Why did the giant Chinese conglomerate Shenyang Yuanda Enterprise Group purchase the little Israeli agri-tech startup AutoAgronom for $20 million?
Two words: food security.
This is one of the most pressing issues in the world as population spikes upward alongside a reduction in usable farmland and available water. Commercial farmers everywhere, including the world’s most populous country, are seeking ways to grow more food crops with fewer resources and waste.
AutoAgronom seeks to fill this need by taking Israeli drip-irrigation to the next level. Its Root Sense technology uses sensors to examine a variety of soil and weather conditions around the roots. After analyzing that data via advanced algorithms, the system’s controller provides automatic irrigation and fertilization (“fertigation”) customized to each crop.
“By tailoring our solution, we have been able to show tremendous traction with over 70 types of crops, significantly increasing crop yields while reducing the use of water up to 50 percent and fertilizers by 70%,” says AutoAgronom’s vice president for international marketing Osher Perry.

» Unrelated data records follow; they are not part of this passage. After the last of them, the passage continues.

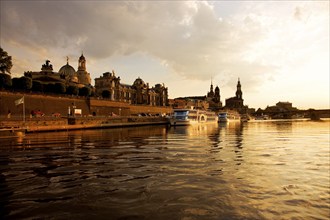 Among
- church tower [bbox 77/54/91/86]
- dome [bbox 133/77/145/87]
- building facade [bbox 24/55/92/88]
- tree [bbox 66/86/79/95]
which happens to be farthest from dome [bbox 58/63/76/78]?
dome [bbox 133/77/145/87]

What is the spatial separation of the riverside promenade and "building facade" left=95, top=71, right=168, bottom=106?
31.1m

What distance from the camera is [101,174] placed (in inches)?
472

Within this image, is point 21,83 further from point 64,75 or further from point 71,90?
point 64,75

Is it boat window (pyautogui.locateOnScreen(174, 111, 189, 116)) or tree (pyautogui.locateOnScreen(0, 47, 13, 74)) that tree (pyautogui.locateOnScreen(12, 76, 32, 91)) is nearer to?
tree (pyautogui.locateOnScreen(0, 47, 13, 74))

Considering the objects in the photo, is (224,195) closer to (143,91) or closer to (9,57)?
(9,57)

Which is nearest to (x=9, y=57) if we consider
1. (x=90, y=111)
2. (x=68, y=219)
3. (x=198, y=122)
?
(x=90, y=111)

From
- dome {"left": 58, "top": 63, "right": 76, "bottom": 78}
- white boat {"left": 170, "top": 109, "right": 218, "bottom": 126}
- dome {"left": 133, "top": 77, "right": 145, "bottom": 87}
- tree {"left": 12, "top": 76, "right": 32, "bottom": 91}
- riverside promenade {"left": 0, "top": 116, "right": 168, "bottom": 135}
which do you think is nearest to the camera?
riverside promenade {"left": 0, "top": 116, "right": 168, "bottom": 135}

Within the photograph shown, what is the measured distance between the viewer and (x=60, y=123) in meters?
52.7

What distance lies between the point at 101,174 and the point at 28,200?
3961 mm

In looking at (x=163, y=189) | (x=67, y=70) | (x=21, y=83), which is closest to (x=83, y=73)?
(x=67, y=70)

He spoke with ISRAEL21c from Boston, where AutoAgronom is wrapping up a four-month accelerator program at MassChallenge Israel for promising startups.
In November, Perry will head to California to start marketing the Israeli solution to drought-stricken farmers, and to represent AutoAgronom at the CleanTech Global Forum competition. It placed first ahead of Paulee CleanTec, BreezoMeter, EVR Motors and GreenIQ at the Israeli CleanTech Open Global Ideas finals on September 10.
AutoAgronom launched in 2008 after a decade of research and development by CEO Nissim Danieli, a farmer with experience in controller systems, and CTO Shaya Redler, an expert in technologies based on “fuzzy logic,” which deals with approximate reasoning.
A single Root Sense system can cover 250 acres and consists of seven sensors, a controller and software. Irrigation is achieved through capillary movement of water through non-drain drip lines, using less water than in regular drip irrigation.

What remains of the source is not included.